Working from the entries that follow, transcribe exactly and only the lines from the one with "Kobieta ubrana w" through the last, pictures excluded.

Image-text web data
———
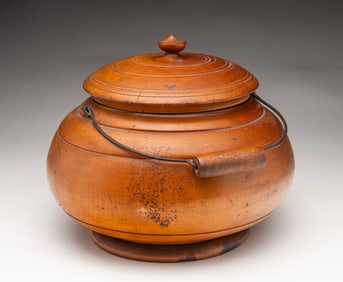 PEASEWARE LIDDED JAR WITH HANDLE.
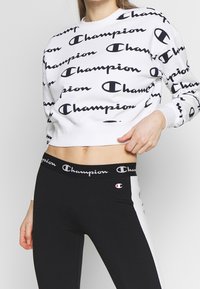 Kobieta ubrana w biały skrócony sweter i czarne legginsy, oba z powtarzającymi się czarno-białymi logo Champion.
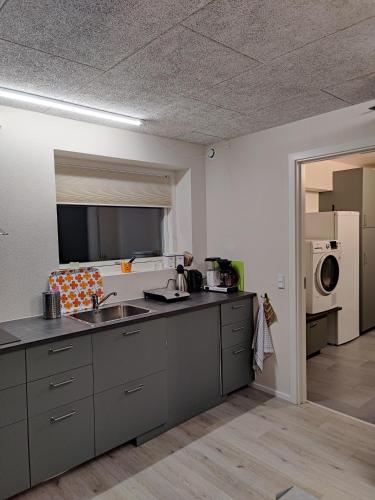 a large kitchen with a sink and a microwave at Villa-Amby in Ringkøbing
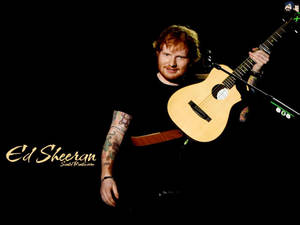 Ed Sheeran 在黑色背景前抱著一把木吉他，紋身清晰可見。 — 紅景天 壁紙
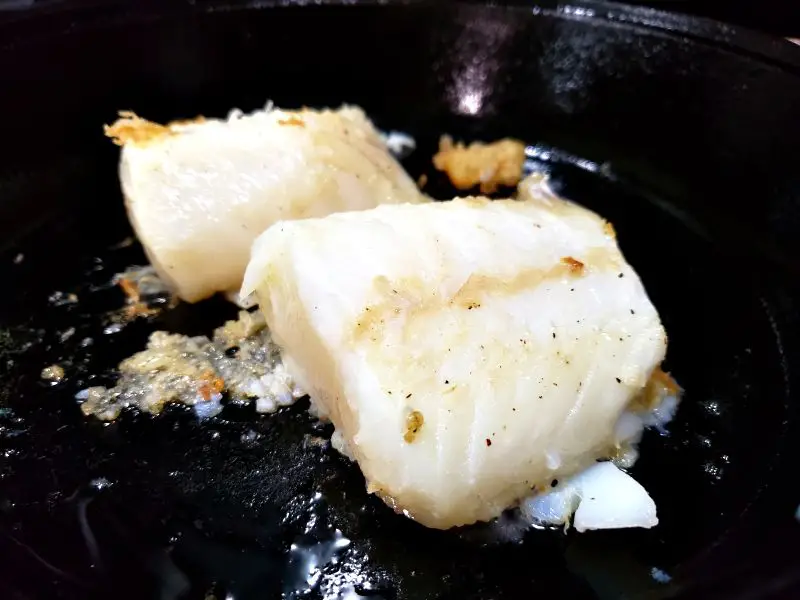 2 cod fillets cooking in a cast iron skillet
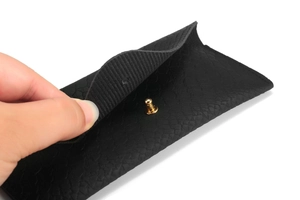 Macro detail of black snakeskin texture faux leather sunglass case with gold stud closure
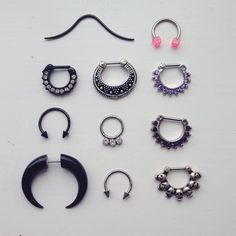 there are many different types of piercings on this white surface, including nose rings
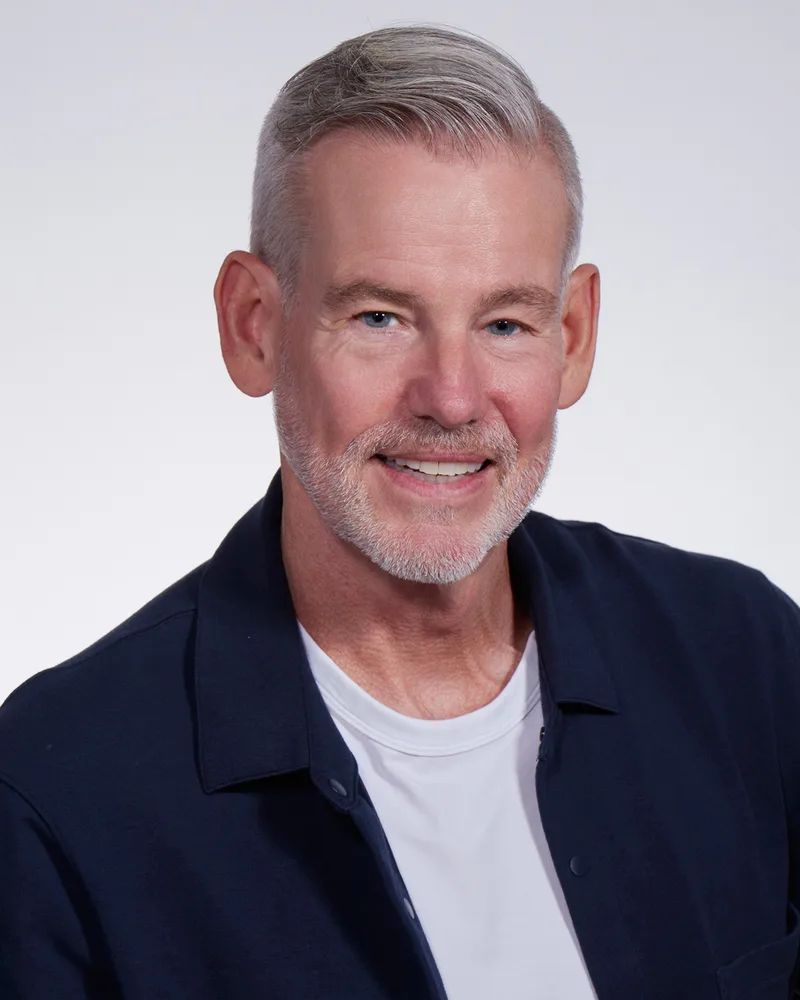 Casual headshot silver-haired man navy overshirt white tee light background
———
Answer for the task
 Kobieta ubrana w biały skrócony sweter i czarne legginsy, oba z powtarzającymi się czarno-białymi logo Champion.
 a large kitchen with a sink and a microwave at Villa-Amby in Ringkøbing
 Ed Sheeran 在黑色背景前抱著一把木吉他，紋身清晰可見。 — 紅景天 壁紙
 2 cod fillets cooking in a cast iron skillet
 Macro detail of black snakeskin texture faux leather sunglass case with gold stud closure
 there are many different types of piercings on this white surface, including nose rings
 Casual headshot silver-haired man navy overshirt white tee light background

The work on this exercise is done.